I think it's that most, or nearly every code, is actually not critical and failure is ok. I would argue that code for every part of facebook is actually not critical. Of course it's bad if there's an error or the feed of instagram is actually not correct, or you can't send a message right now. But it's not critical, facebook will survive and the cost of eliminating those bugs is just not worth it. After all, unit tests only reduce the possibility of failure to an acceptable level. Amazons cloud had outages and amazon survived. It just about economics. The cost of hiring the right developers, writing and maintaining the code etc.

Writing code is not about solving a problem perfectly but delivering solutions under economic constraints.

> Here is this brilliant logical tool for reasoning about programs, in this case Hoare triples' descendent separation logic. Now let's figure out how we can keep our programmers from having to learn how to use it!

That's a good description of the Rust borrow checker, which is intended to be a sound analysis but a lot more restrictive than full separation logic.

Yes I think we need less abstraction. Best illustrated with RPC, when we try to treat it the same as local call we lose so much information. We want to reason about latency and failure so we need our language to represent this information and allow us to apply our logic to it.
It, like so many things, is a balancing act. How much does the working programmer need to know about binaries, symbol tables, platform calling conventions etc etc to use a debugger well? The author of a debugger absolutely has to, the user less so except in specialized circumstances. Allowing users to get at the inside-baseball bits of a tool without disenfranchising people that are focused on other areas of work seems ideal to me. RPC is unreasonable in that it makes unfair assumptions about the nature of the network. Seems to me insisting that programmers learn a good chunk of separation logic before knowing if a tool that uses the same internally is unreasonable in a like way. But a tool that _allows_ users that get some utility from it to learn separation logic if they need, now that's a well-designed tool.

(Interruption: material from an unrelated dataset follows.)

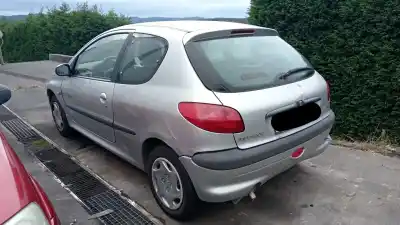 Sloopvoertuig peugeot 206 fastback (2a/c) 1.9 d van het jaar 2002 aangedreven wjy (dw8b),wjz (dw8)
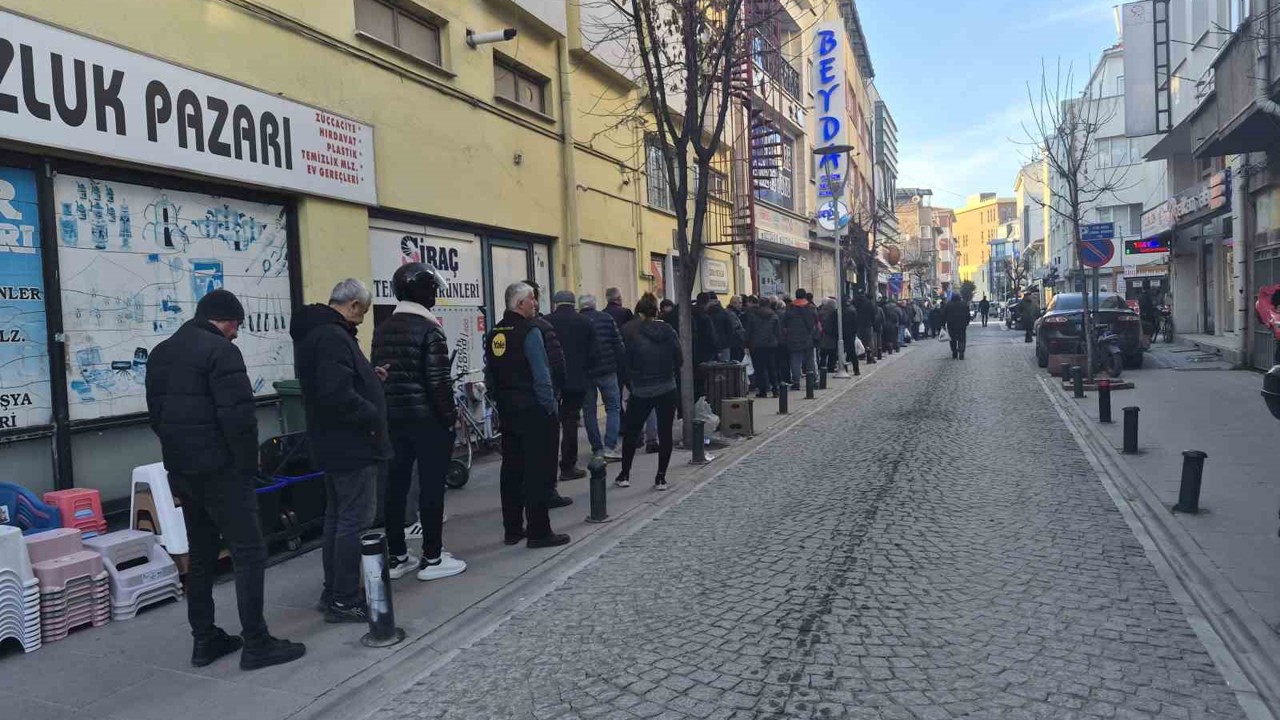 Eskişehir’de ilk iftar öncesi metrelerce "pide" kuyruğu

If you can't use a tool without being an expert in it, the only people that will use that tool are experts and the techniques die out as the experts do.

I agree. Experience has taught me to hesitate to speak in absolutes absent a hard proof, but until I see a counter-example I'll believe that all abstractions are more or less leaky. Even pure functional programs have the observable side effect of using CPU time.

It's a difficult problem that I believe has no globally optimal solution. However, I think there's fruitful research to be done in better recognizing what ought to be abstracted and what ought not to be in some domain specific sort of way. Informally we do this already. For example it's relatively common knowledge that one shouldn't leak username validity via timing attacks, so in that case the processing time cannot be abstracted away.

1. This "unsoundness" was the subject of extensive (endless) discussions on the Infer team (as you can imagine). This spurred some theory and there are some precise theorems associated with how parts of Infer work. E.g., racerd has some theorems and over a period of a year saw no observed false negatives, so I'm not sure it's accurate to say that it's "just an ordinary unsound static analysis" (see https://dl.acm.org/doi/10.1145/3290370 and references).

2. Apart from that, to me, if logic inspires (part of) the design of an analyzer, that's perhaps more valuable than using logic to judge it after the fact, as analysis design is hard; and this is true even if analyzer ends up following part of the spirit if not the letter of the logic.

I believe I get where you care coming from, though, and appreciate your perspective. :)

Oh wow, this thread has attracted some notable participants. Much respect for your work. While you're here I've been wondering about applying all this stuff to the problem of having an unknown computing environment and bootstrapping a sane workspace on top of it. That might not make sense. I'm at a loss for how to explore the literature. Something like ubiquitous/pervasive computing with service discovery combined with foundational proof carrying code, certified compilers, verified stacks, etc.